Sorry if these suck I was really lacking inspiration. So here they are Yorkshire and Lancashire moments.
Yorkshire and Lancashire were fighting, again, they were at a world meeting and half the countries had no idea why they were here in the first place since the meeting was only for countries. They were arguing about the civil war, several nations were wondering how the argument had gone from global warming, to the war of the roses. Some had attempted to stop the argument from getting out of hand, including Germany but he had just had a Yorkshire pudding and a tray of Lancashire hotpot thrown directly at his face. The argument had started like this; the countries were blaming China or global warming when Lancashire had said it was Yorkshire's fault for mining the coal, she had retorted with "you're the one burning it" and had thrown the nearest object at her which happened to be a pencil it can't have hurt much she didn't even throw it hard but it damaged her dignity and Lancashire was very fond of her dignity. She had immediately started yelling all sorts of insults at her Yorkshire had remained calm until she insulted the white rose then she had flown at the Lancastrian not physically touching her but close enough to punch her easily and had ranted about how she was a lying, cheating, filthy b**** this had of course had provoked Lancashire into saying "at least I didn't lose a war"
"You cheated!"
"Did not!"
"Lancashire pansy!"
"Yorkshire scum!"
Then Japan had tried to intervene only to be threatened with a slow and painful death by both counties, Yorkshire had murmured something in Russian and Ivan had produced his pick ax and handed it to her with a "you owe me" Yorkshire had shrugged and balanced the pick ax on her finger then took a swing at Lancashire she ducked, screamed then ran from the room. Yorkshire then handed the pick ax back to Russia along with a bottle of Smirnoff vodka which he proceeded to drink. Lancashire reappeared holding what looked like a French sword, America whistled looking at the way the blade glistened in the light, once again Yorkshire shrugged "pretty sword." Then imitating Lancashire's accent she says in a snide tone "oh Wales please help me there's a civil war and I'm going to lose unless you help" she smirked "pathetic" it was the final insult Lancashire ran at her screaming insults, she dodged the first blow then parried the second with an English longbow which she had produced from somewhere. Then Germany had had enough and bellowed "if you two could stop fighting we have a meeting to finish!"

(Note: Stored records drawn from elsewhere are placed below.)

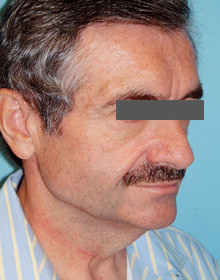 Neck Lift: Men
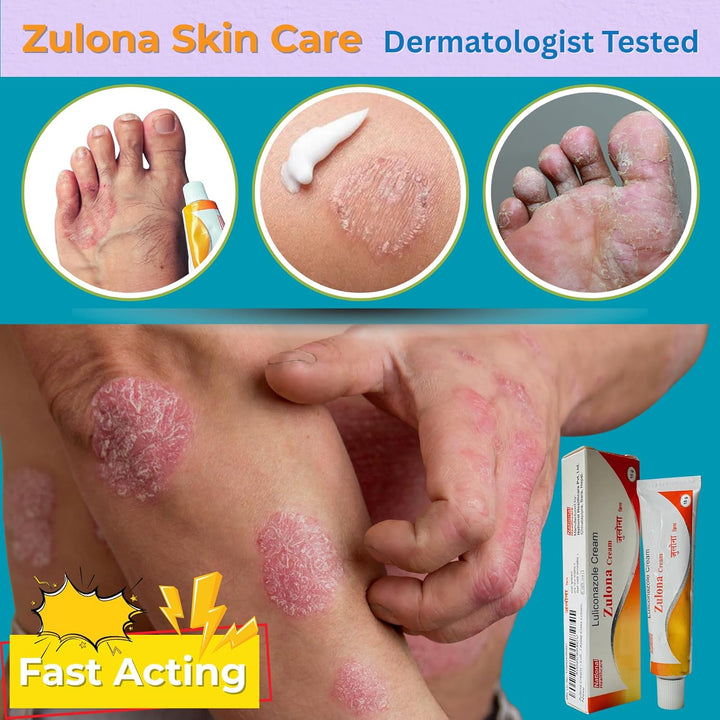 Zulona Cream – Luliconazole 1% Antifungal Treatment for Ringworm, Athlete'S Foot & Jock Itch – Relief Whithin 24Hr from Itching, Redness & Fungal Infections – Topical Azole Class Cream.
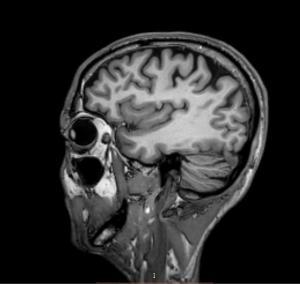 MRI scan 1 - 17 mei 2017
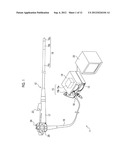 ENDOSCOPE diagram and image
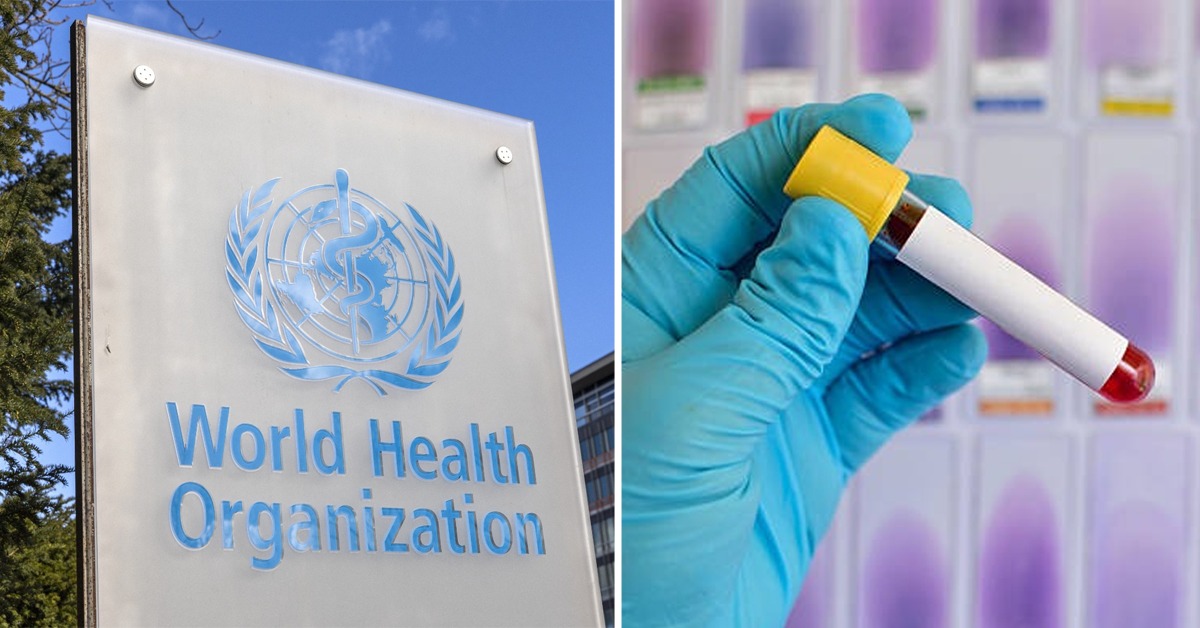 STIs, HIV and Hepatitis kill 2.5 million people every year – WHO report
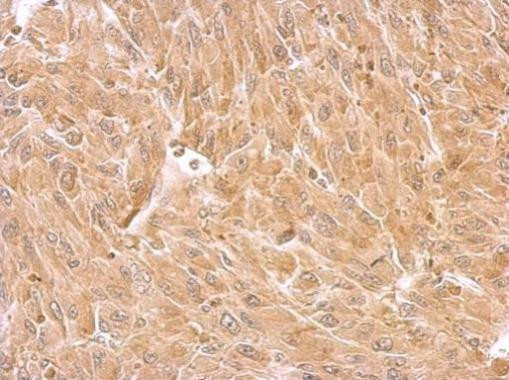 Septin-8 Antibody in Immunohistochemistry (Paraffin) (IHC (P))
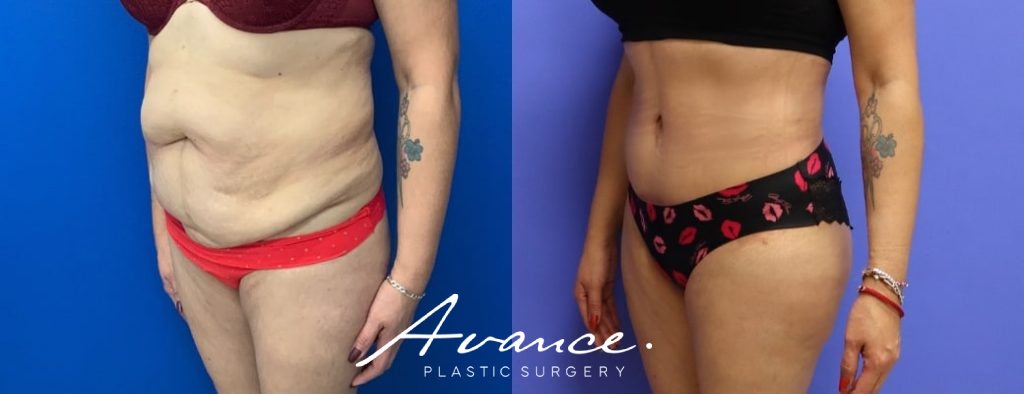 Before and After - Abdominoplasty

"You aren't even supposed to be here" added England, groaning and clutching his head
It was Lancashire who shrugged this time "we'll fight somewhere else then"
Yorkshire grinned "you're on misses" she then ran from the room, laughing like a child who has found an exciting new toy. Lancashire hissed in annoyance and chased after her. Once they were out of sight England slumped onto the table, muttering something about murdering the pair of them
"Isn't that a bit extreme Angleterre?" if looks could kill France would be dead several times over.